▸ Work to complete: Find the line with "Sementara ayah Adhisty" in the entries below. Repeat it, every following line, and the line with "Вертикальна жіноча шкіряна", exactly and with nothing added.

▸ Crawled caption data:
__________

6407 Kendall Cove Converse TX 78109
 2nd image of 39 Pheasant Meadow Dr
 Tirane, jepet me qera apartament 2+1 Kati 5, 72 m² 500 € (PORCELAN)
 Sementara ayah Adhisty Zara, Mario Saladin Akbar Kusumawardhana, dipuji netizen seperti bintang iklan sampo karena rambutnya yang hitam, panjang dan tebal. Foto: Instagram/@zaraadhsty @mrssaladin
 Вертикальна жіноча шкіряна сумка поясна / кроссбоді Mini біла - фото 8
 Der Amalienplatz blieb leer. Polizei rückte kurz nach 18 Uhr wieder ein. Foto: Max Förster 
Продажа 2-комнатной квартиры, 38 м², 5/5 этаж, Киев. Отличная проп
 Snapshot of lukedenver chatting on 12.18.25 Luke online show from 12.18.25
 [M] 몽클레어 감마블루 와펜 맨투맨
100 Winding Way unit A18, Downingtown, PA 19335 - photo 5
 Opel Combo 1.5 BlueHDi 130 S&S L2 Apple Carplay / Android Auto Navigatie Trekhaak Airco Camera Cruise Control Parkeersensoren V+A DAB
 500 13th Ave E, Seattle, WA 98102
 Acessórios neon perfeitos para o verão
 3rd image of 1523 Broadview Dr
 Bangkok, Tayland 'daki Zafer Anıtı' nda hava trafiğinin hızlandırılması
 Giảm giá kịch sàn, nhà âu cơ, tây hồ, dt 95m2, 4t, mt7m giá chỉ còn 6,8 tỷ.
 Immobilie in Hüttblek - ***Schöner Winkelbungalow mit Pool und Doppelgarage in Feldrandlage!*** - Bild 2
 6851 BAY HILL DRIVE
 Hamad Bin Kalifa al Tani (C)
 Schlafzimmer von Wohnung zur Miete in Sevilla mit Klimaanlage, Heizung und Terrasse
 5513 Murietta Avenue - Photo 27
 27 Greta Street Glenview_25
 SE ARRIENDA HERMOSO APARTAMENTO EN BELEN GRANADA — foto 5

__________

▸ Solved exercise:
 Sementara ayah Adhisty Zara, Mario Saladin Akbar Kusumawardhana, dipuji netizen seperti bintang iklan sampo karena rambutnya yang hitam, panjang dan tebal. Foto: Instagram/@zaraadhsty @mrssaladin
 Вертикальна жіноча шкіряна сумка поясна / кроссбоді Mini біла - фото 8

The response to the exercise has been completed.